GenoSpace Welcomes Aspera's CEO to Board
By Clinical Informatics News Staff
January 22, 2015 | GenoSpace announced this morning that Michelle Munson, CEO of Aspera, an IBM Company, has joined its board as an independent director.
“We are pleased to welcome Michelle to the leadership team at GenoSpace,” said John Quackenbush, Chairman of the Board of GenoSpace in a statement. “We have had a strong relationship with Michelle’s team at Aspera beginning with some of our earliest customer deployments, and we welcome her depth of experience and clear enthusiasm for applying advanced technical solutions to solving complex problems.”
Munson is the co-inventor of Aspera’s fasp transport technology. The patented, highly efficient bulk data transport technology is used for big data transfer by Netflix, Apple, the Broad Institute, and a wide range of other companies and markets. The fasp protocol (fast, adaptive, secure protocol) enables much faster file transfers than any other software or hardware wide area network (WAN) acceleration solution—all on commodity hardware.
A year ago, Aspera’s acquisition by IBM closed. Since then, Munson and Aspera have pushed on toward the “science DMZ”, which Munson describes as, “a combination of technologies that allow for unmitigated fast, efficient, and secure flow of the large data that powers life sciences research in and out of private network domains.”
That’s the challenge before GenoSpace as well.
GenoSpace applies its advanced analytical and information integration capabilities to clinical data (it has partnerships with PathGroup and the Multiple Myeloma Research Foundation, among others). At the Bio-IT World Expo last year, Quackenbush said that GenoSpace plans to make accessible data that researchers can play with in any way they want, and not to limit the types of questions that can be asked.

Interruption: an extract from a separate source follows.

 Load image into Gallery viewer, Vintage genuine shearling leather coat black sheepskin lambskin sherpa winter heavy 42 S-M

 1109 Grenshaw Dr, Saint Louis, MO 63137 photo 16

Doing that means being able to move data quickly and securely.
“GenoSpace is a highly talented and promising team that is focused on fundamentally advancing medicine through innovation at the intersection of genomic science and computing, an area in which I have had significant exposure through Aspera, and which means a great deal to me as a computer scientist,” Munson commented in the statement. “I am honored to help contribute my experience in creating and growing a technology start-up to this exceptional group.”